Contributing

We welcome contributions to BellmanFilterDFSV! This guide will help you get started.

Development Setup

1. Clone the Repository

git clone https://github.com/givani30/BellmanFilterDFSV.git
cd BellmanFilterDFSV

2. Install Development Dependencies

Using uv (recommended):

uv sync
uv run pytest  # Run tests to verify setup

Using pip:

pip install -e .[dev,all]
pytest

3. Set up Pre-commit Hooks (optional)

pre-commit install

Code Style

We follow these coding standards:

  • PEP 8 for Python code style

  • Google style for docstrings

  • Functional programming style using Equinox and JAX

  • Type safety using jaxtyping and basedpyright

Linting and Formatting Tools

We use ruff for both linting and formatting, and basedpyright for type checking.

# Format and lint code
uv run ruff check --fix .
uv run ruff format .

# Type checking
uv run basedpyright src/

Testing

Running Tests

# Run all tests
uv run pytest

# Run specific test file
uv run pytest tests/test_filters.py

# Run with coverage
uv run pytest --cov=bellman_filter_dfsv

Writing Tests

  • Place tests in the tests/ directory

  • Use descriptive test names: test_bellman_filter_convergence

  • Include docstrings explaining what the test validates

  • Use fixtures from tests/conftest.py for common setup

  • Use Hypothesis for property-based testing of mathematical identities

Documentation

Building Documentation

cd docs/
make html
# Open docs/build/html/index.html

Documentation Standards

  • Use Google style docstrings for all public functions

  • Include mathematical notation using LaTeX: .. math::

  • Provide usage examples in docstrings

  • Update API documentation when adding new modules

Example Docstring

def run_filter(filter_module: BellmanFilter, returns: jnp.ndarray) -> FilterResult:
    """Run Bellman filter on DFSV model.

    This function implements the Bellman filter for Dynamic Factor
    Stochastic Volatility models using JAX for efficient computation.

    Args:
        filter_module: Initialized BellmanFilter Equinox module.
        returns: Observed return data of shape (T, N) where T is
            the number of time periods and N is the number of series.

    Returns:
        A FilterResult namedtuple containing filtered means,
        information matrices, and the log-likelihood.

    Example:
        >>> params = DFSVParams(...)
        >>> bf = BellmanFilter(params)
        >>> result = bf.filter(returns)
        >>> print(f"Log-likelihood: {result.log_likelihood:.2f}")
    """

Contributing Guidelines

1. Issue Reporting

Before submitting a bug report or feature request:

  • Check existing issues to avoid duplicates

  • Provide minimal reproducible examples

  • Include system information (Python version, JAX version, OS)

2. Pull Requests

  • Fork the repository and create a feature branch

  • Write tests for new functionality

  • Ensure all tests pass

  • Update documentation as needed

  • Follow the code style guidelines

Pull Request Process

# 1. Create feature branch
git checkout -b feature/new-filter-algorithm

# 2. Make changes and commit
git add .
git commit -m "feat: add new filter algorithm with tests"

# 3. Run tests
uv run pytest

# 4. Push and create PR
git push origin feature/new-filter-algorithm

3. Code Review

All contributions go through code review:

  • Ensure code follows style guidelines (Ruff/Pyright)

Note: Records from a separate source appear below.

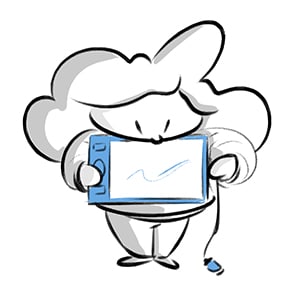 cartoon drawing of patricia looking at her tablet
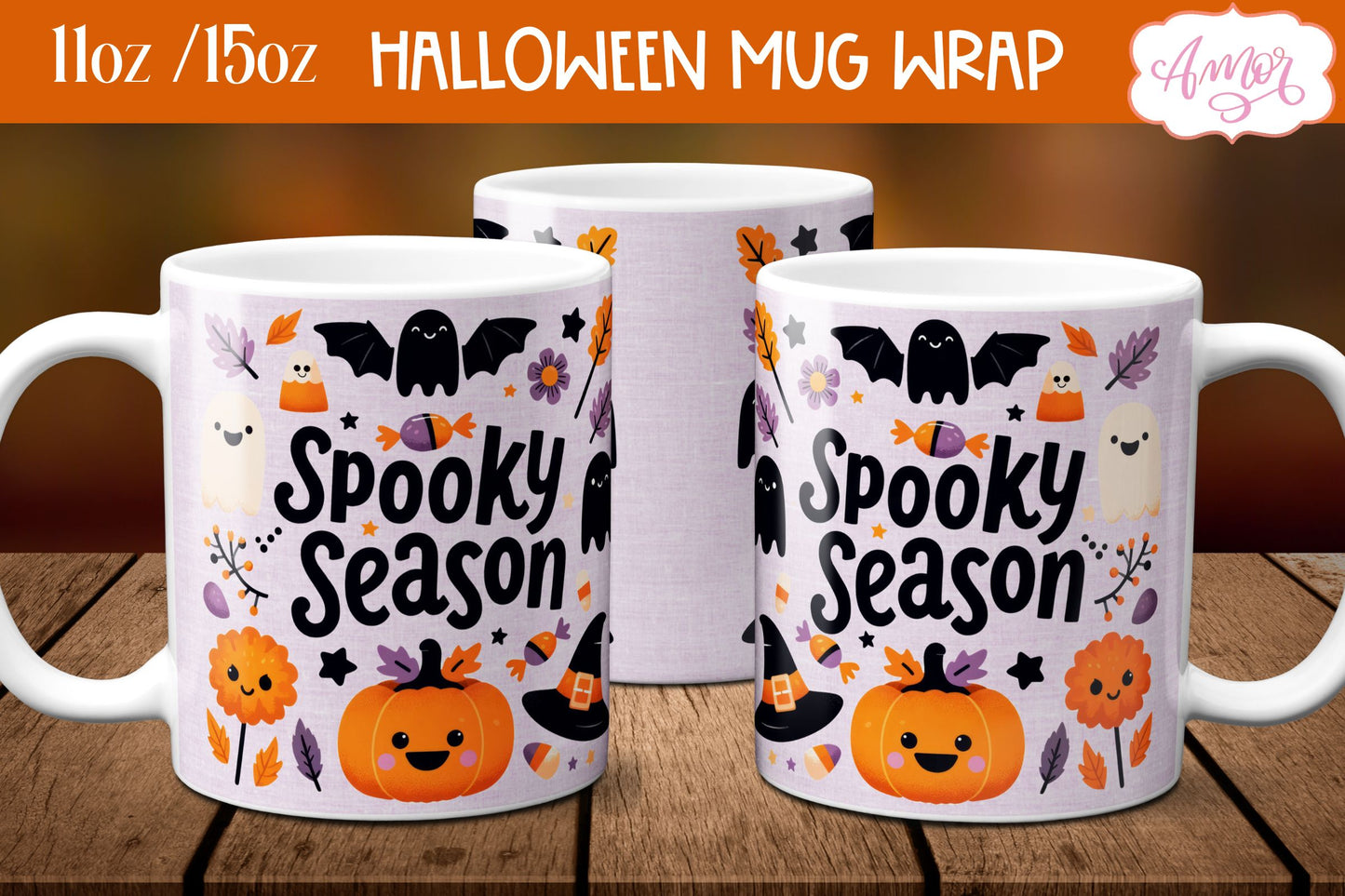 Spooky season mug wrap PNG for sublimation | Halloween mug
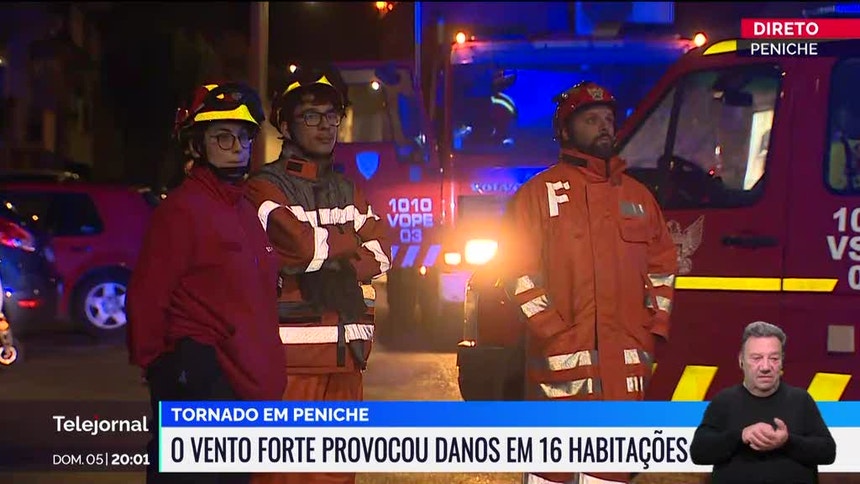 Imagem do mini-tornado que atingiu Peniche.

  • Verify tests provide adequate coverage

  • Check documentation is complete and accurate

  • Validate numerical correctness for mathematical code

Areas for Contribution

High Priority

  • Performance optimizations for high-dimensional factor models

  • Real-world examples with financial datasets

  • GPU acceleration benchmarks and improvements

Medium Priority

  • Alternative optimization algorithms for the EM M-step

  • Model diagnostics and validation tools (e.g., residual analysis)

  • Visualization utilities for particle clouds

Getting Help

  • GitHub Issues: For bug reports and feature requests

  • Discussions: For questions and general discussion

  • Email: givaniboek@hotmail.com for direct contact

Recognition

Contributors will be acknowledged in the release notes for significant contributions.

Thank you for contributing to BellmanFilterDFSV!